Thursday, August 27, 2009

The Big Israel Lie

Sultan Knish
sultanknish.blogspot.com
26 August 09


There are two interconnected lies that reside at the heart of any American discussion about Israel. The first lie is that the road to peace in the Middle East lies through Israel. The second lie is that Israel controls American policy toward itself. Those lies are not the product of ignorance or misunderstanding, they are the product of an effective propaganda campaign by the unofficial suit and tie spokesmen of the Saudi lobby who dominate American policy in the Middle East. The goal of that campaign has been to make Israel seem like the axis on which the Middle East and America turn, in order to put Israel on the firing line. And it is a campaign that has been wickedly successful up until now.

Let's take a moment to examine those lies now.

Within the Middle East, Israel is physically insignificant. At 8500 square miles, Israel could not just fit comfortably into Pennsylvania, it is 1/5th the size of Jordan, 1/8th the size of Syria and 1/12th the size of Egypt. Simply put, Israel is smaller in land and population than every country that borders it. If you looked at the Middle East from space, you could easily put a fingernail across all of Israel.

Israel has beaten all of these countries in wars and has the best military in the region, but that is because if it didn't, it wouldn't exist. Israel's military is not the product of a will to conquer, but of an attempt to maintain its own territorial integrity and protect its citizens from attack. Israel's neighbors have never needed to work as hard or spend as much to maintain their own armed forces, because they don't truly need them. For them a strong army is not a survival strategy, it is optional.

All those who rant endlessly about Israel's settlements in the West Bank and Gaza as proof of Israel's desire to seize land, forget that Jordan annexed the West Bank only two years after its forces captured it in the 1948 War of Independence. Israel has not annexed the West Bank even after more than 40 years, and has continued to offer it in peace negotiations year after year. That is not the policy of an aggressive land hungry regime. It is not the behavior of a country that keeps its neighbors up late at night. While Israel's leaders have spent over half a century staying up late at night worrying about a war, Israel's neighbors know that war is their choice.

But what this means in practice is that Israel has very little influence beyond its own borders. With a small size, no expansionist program beyond its own territory, and as one of only two non-Arab states and the only non-Muslim state in the region... Israel's impact on the rest of the Middle East is surprisingly limited. To get a proper picture of Israel's role in the Middle East, imagine plopping Singapore in the middle of a wartorn part of Africa. It can be attacked, it can fight back, but it cannot have any real local influence.
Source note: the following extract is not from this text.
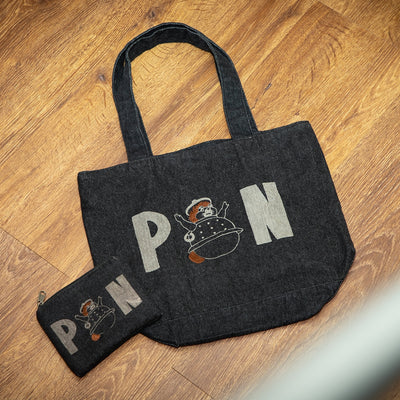 Studio Ghibli GBL Discharge Denim Tote Bags (4 Types) - Black Shokichi - official view 14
That is why Israel remains an outsider in the political trends and turmoil of the region. The shift between Arab Nationalism and Islamism, the coups and the bloodletting between Shiite and Sunni, are all events that Israel watches from a distance. Israel is not a political participant in the ideological conflicts of the Middle East, because it does not share a common religion or ethnicity or much of anything with its neighbors. Its diplomatic relations are primarily formal, not intimate. As a result Israel has very little political influence on the Middle East, and what little influence it has, is on its immediate neighbors, such as Lebanon and Jordan, who are fairly small on the scale of the Middle East as well.

Furthermore Israel and its neighbors are in part of the Middle East that has become largely irrelevant because of its lack of oil. While Egypt and Jordan were once considered major regional players, both have long ago been sidelined by the oil rich Saudi Arabia, Iran and the UAE. None of these countries share a common border with Israel. While diplomats and pundits obsess over the West Bank and Gaza, what happens there has virtually no impact on what happens where the oil and power lie.

Not only does the road to peace in the Middle East not run through Israel, it doesn't even run anywhere near Israel. A quick look at a map shows you just how off the beaten path Israel is when it comes to the true token of global power, oil. And it is not some Elders of Zion fantasy of the Israel lobby that defines global power to the Middle East, it is who has the oil. And while Israel has plenty of olive oil, it has none of the kind of oil that the world is interested in.